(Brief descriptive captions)
—————

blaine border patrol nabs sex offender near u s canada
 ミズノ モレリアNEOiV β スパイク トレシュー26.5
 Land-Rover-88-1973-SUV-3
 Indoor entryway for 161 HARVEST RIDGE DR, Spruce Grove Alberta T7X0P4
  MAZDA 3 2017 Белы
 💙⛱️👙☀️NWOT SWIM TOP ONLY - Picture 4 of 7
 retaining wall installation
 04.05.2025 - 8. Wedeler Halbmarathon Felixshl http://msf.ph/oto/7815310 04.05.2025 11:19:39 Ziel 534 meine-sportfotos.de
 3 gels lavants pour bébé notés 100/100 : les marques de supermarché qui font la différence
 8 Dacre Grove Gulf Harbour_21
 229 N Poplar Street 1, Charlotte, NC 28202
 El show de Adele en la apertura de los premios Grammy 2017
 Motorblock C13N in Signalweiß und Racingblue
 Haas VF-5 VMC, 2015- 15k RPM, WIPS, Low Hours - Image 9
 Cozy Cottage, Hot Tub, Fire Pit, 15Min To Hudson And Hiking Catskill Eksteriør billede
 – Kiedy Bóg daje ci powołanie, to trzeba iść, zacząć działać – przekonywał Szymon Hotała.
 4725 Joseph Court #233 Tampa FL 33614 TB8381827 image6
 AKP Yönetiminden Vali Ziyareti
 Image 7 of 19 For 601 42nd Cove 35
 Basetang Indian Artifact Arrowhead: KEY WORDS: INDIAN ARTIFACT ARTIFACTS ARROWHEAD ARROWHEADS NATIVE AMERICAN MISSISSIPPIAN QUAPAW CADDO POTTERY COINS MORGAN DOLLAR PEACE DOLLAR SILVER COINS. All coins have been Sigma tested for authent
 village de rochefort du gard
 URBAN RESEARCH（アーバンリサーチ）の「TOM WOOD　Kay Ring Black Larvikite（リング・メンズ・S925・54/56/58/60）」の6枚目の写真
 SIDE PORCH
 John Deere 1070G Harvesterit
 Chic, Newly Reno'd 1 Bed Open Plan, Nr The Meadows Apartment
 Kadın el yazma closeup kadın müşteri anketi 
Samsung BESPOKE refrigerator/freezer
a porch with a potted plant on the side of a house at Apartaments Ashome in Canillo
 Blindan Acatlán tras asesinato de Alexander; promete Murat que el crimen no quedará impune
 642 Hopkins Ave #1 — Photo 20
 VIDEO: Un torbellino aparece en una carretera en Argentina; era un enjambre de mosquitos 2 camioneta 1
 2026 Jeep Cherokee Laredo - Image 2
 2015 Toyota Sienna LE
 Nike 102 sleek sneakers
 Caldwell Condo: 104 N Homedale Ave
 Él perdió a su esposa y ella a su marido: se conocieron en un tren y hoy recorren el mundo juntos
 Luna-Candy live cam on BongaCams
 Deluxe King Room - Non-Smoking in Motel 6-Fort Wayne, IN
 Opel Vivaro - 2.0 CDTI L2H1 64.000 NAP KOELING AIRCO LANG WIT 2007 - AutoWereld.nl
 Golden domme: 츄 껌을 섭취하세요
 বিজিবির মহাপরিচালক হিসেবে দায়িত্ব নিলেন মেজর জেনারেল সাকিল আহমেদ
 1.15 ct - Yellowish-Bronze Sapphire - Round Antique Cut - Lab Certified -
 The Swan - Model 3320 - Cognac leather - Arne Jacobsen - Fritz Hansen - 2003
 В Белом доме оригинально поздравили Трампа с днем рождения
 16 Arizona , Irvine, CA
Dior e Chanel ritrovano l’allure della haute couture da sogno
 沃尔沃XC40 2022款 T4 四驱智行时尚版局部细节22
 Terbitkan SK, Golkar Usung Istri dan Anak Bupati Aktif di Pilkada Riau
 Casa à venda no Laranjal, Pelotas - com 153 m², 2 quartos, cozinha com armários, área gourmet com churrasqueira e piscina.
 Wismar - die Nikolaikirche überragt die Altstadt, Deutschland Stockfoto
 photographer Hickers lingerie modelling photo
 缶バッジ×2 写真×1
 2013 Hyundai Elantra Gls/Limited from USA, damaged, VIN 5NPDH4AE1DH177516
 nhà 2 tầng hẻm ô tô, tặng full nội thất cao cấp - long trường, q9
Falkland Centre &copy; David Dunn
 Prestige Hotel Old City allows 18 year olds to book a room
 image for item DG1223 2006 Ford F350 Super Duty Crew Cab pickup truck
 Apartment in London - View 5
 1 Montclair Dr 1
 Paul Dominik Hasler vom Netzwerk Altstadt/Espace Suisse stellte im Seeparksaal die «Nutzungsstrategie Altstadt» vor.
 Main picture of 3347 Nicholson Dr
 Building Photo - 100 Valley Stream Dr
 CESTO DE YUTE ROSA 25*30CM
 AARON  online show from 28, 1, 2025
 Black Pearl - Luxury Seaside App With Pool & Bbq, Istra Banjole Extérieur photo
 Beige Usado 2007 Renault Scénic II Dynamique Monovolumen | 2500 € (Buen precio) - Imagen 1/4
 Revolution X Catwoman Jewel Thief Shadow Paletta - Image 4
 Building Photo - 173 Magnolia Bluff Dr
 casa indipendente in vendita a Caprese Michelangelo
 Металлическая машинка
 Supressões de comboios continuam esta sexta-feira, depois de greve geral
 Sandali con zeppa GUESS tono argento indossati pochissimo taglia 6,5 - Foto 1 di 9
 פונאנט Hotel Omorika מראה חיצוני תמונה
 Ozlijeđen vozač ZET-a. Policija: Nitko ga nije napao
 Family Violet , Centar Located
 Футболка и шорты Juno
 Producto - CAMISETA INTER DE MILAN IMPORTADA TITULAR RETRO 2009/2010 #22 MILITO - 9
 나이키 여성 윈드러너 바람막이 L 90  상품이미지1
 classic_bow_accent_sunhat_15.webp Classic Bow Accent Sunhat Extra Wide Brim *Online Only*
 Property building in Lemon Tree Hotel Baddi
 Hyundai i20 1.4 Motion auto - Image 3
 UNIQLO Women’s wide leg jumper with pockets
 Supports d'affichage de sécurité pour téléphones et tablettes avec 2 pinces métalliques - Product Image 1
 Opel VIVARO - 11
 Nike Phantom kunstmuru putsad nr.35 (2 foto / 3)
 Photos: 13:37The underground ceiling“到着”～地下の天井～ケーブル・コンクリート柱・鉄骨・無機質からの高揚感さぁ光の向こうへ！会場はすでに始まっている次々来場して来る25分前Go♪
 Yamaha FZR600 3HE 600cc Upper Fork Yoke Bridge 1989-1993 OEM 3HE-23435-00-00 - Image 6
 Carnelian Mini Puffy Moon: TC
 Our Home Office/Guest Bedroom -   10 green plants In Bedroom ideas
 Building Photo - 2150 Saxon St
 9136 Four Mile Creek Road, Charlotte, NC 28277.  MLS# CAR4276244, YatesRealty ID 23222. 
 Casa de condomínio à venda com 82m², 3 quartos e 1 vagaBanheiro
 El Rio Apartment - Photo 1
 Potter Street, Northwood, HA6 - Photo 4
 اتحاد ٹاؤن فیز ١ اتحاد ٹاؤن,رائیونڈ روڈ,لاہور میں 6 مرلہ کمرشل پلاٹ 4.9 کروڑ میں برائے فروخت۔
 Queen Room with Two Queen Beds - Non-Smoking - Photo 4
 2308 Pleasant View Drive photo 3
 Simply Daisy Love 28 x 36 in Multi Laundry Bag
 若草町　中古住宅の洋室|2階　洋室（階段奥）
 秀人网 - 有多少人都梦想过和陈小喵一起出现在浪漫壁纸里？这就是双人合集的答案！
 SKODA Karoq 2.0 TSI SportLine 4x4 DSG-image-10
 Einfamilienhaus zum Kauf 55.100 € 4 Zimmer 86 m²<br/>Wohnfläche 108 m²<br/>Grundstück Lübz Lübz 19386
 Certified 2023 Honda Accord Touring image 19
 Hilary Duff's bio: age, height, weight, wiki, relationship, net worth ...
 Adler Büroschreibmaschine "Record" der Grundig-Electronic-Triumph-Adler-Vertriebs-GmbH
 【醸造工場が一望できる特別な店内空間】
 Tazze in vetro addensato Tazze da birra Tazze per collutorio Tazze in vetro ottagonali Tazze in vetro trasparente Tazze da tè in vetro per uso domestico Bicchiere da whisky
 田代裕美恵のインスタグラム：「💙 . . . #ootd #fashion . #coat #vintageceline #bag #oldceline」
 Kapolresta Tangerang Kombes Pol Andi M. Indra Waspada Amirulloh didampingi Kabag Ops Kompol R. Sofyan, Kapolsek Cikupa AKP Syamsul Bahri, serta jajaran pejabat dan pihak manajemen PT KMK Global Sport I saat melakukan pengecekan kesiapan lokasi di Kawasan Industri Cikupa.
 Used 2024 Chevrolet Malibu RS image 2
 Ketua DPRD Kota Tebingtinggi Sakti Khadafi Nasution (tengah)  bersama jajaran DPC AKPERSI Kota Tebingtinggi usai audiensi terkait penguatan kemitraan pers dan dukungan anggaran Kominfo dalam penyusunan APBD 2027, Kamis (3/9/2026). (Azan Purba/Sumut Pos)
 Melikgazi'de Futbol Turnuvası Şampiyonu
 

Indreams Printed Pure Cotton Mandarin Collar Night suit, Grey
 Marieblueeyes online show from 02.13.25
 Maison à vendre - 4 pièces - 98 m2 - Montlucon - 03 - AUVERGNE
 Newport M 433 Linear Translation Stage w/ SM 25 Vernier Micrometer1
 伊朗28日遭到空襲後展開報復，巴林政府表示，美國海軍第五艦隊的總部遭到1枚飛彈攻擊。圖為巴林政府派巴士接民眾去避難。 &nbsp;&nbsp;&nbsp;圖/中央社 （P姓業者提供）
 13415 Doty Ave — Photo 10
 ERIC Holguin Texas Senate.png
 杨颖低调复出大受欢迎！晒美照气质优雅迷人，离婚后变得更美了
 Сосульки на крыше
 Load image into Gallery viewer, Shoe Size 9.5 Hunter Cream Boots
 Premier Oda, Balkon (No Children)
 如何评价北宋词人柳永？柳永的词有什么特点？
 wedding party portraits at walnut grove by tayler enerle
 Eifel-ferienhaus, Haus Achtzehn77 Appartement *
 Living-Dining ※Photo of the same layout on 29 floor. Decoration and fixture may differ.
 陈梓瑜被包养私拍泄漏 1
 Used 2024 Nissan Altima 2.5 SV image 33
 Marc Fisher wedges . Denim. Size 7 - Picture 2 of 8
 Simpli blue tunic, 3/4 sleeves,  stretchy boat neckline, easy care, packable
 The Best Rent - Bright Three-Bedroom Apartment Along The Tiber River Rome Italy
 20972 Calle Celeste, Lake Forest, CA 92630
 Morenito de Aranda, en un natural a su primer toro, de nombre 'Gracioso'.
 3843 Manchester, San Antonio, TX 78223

—————

• _PROBLEM DESCRIPTION_:
An exact copy of the data is needed, running from its first line through the line that holds "Image 7 of 19 For 601 42nd Cove 35", and nothing beyond that.

• _TASK RESULT_:
blaine border patrol nabs sex offender near u s canada
 ミズノ モレリアNEOiV β スパイク トレシュー26.5
 Land-Rover-88-1973-SUV-3
 Indoor entryway for 161 HARVEST RIDGE DR, Spruce Grove Alberta T7X0P4
  MAZDA 3 2017 Белы
 💙⛱️👙☀️NWOT SWIM TOP ONLY - Picture 4 of 7
 retaining wall installation
 04.05.2025 - 8. Wedeler Halbmarathon Felixshl http://msf.ph/oto/7815310 04.05.2025 11:19:39 Ziel 534 meine-sportfotos.de
 3 gels lavants pour bébé notés 100/100 : les marques de supermarché qui font la différence
 8 Dacre Grove Gulf Harbour_21
 229 N Poplar Street 1, Charlotte, NC 28202
 El show de Adele en la apertura de los premios Grammy 2017
 Motorblock C13N in Signalweiß und Racingblue
 Haas VF-5 VMC, 2015- 15k RPM, WIPS, Low Hours - Image 9
 Cozy Cottage, Hot Tub, Fire Pit, 15Min To Hudson And Hiking Catskill Eksteriør billede
 – Kiedy Bóg daje ci powołanie, to trzeba iść, zacząć działać – przekonywał Szymon Hotała.
 4725 Joseph Court #233 Tampa FL 33614 TB8381827 image6
 AKP Yönetiminden Vali Ziyareti
 Image 7 of 19 For 601 42nd Cove 35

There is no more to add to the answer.